Your task. The lines to be extracted begin at the line containing "CPA Arles Galerie" and end at the last line of the data below; copy them exactly and leave out the pictures.

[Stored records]

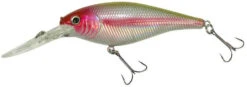 Berkley Flicker Shad Crankbait - 1/4 Oz -Deals US Rods And Reels Store 39766965452889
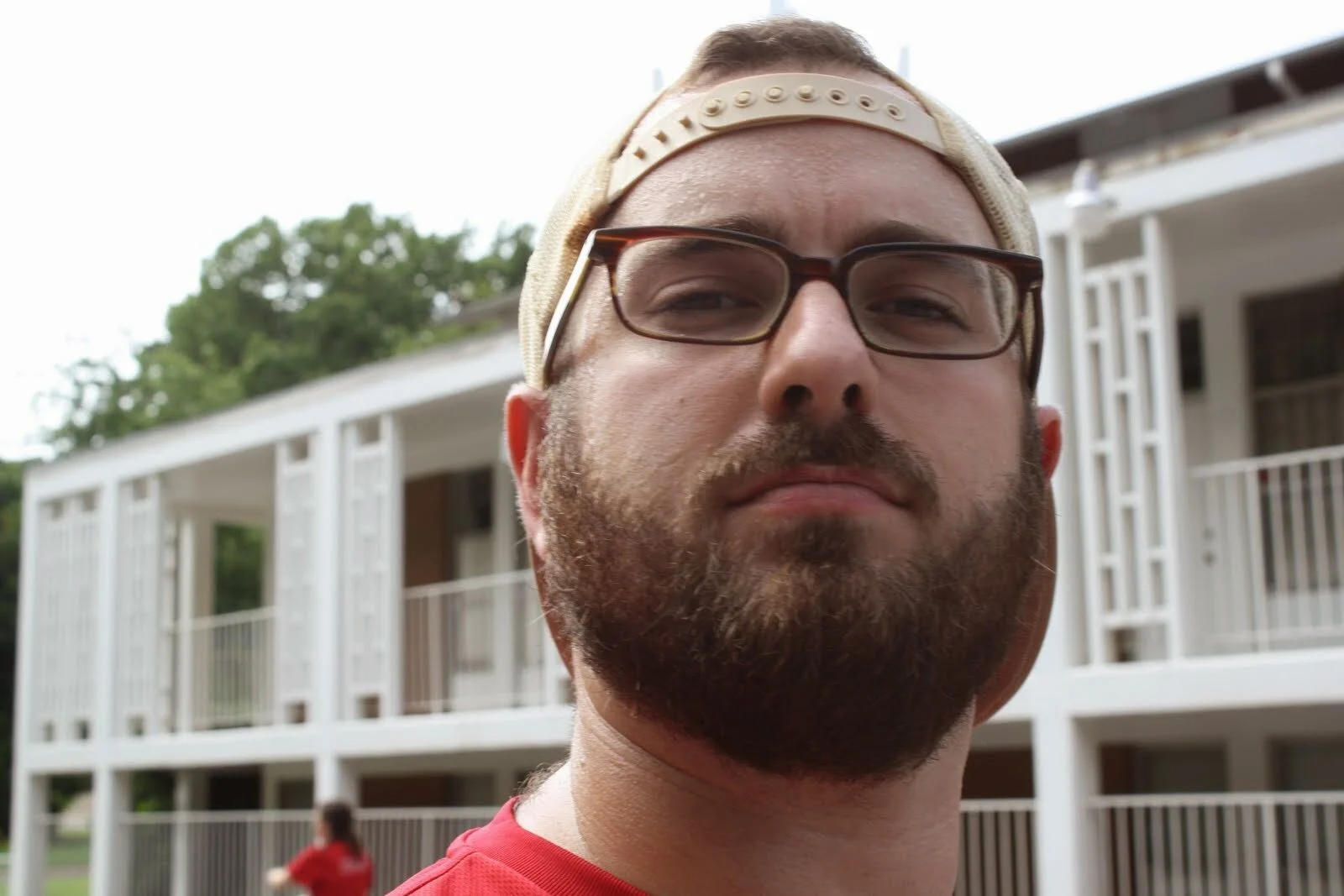 mean mug.jpg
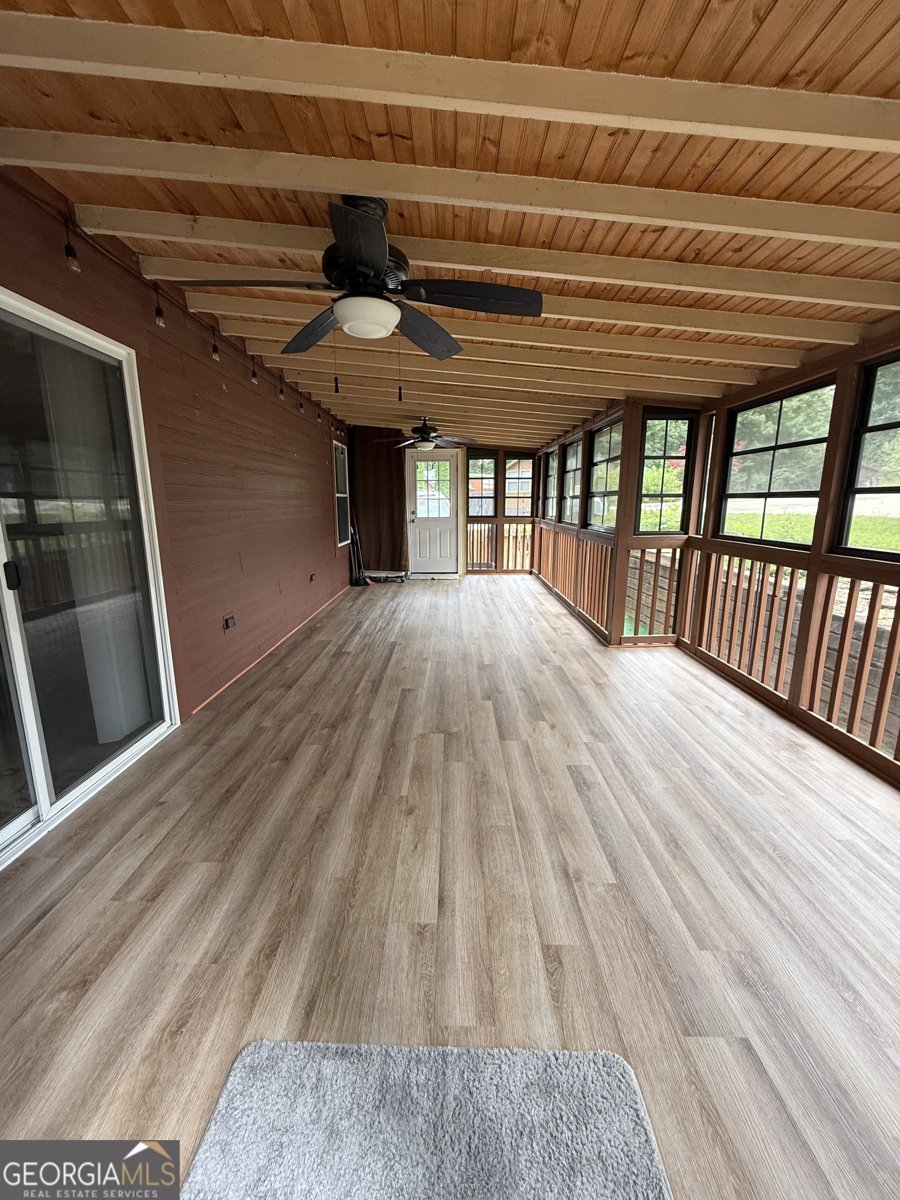 96 Stag Leap Drive Cleveland - 3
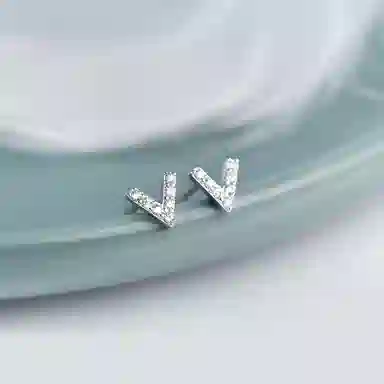 CENTURYKINDLE V S925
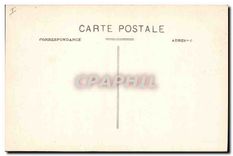 CPA Arles Galerie du Cloitre St Trophime et le Puits XI siecle 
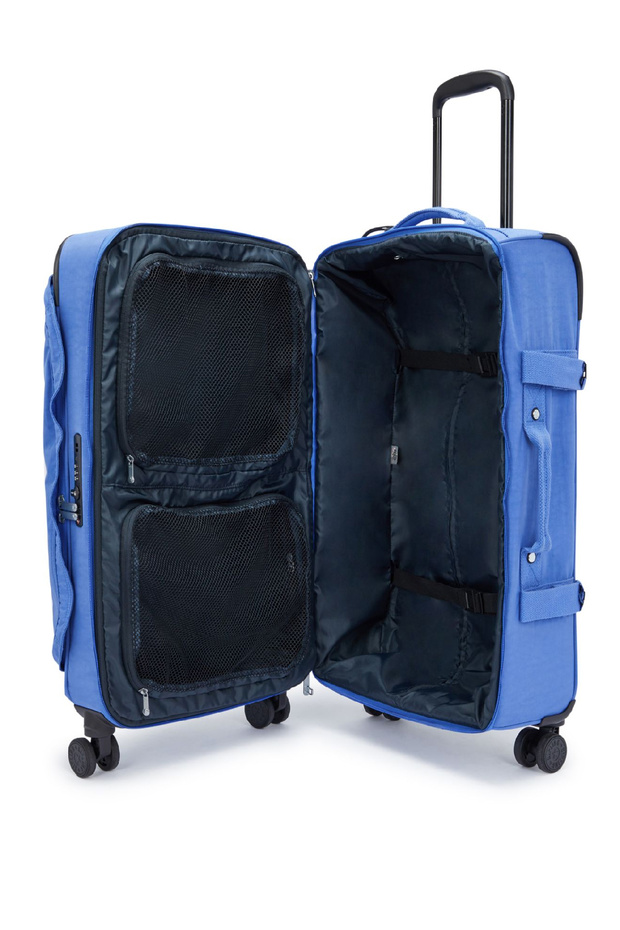 Spontaneous M Basic Orta Boy Valiz KI6918 - 4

Answer to the problem.
 CPA Arles Galerie du Cloitre St Trophime et le Puits XI siecle 
 Spontaneous M Basic Orta Boy Valiz KI6918 - 4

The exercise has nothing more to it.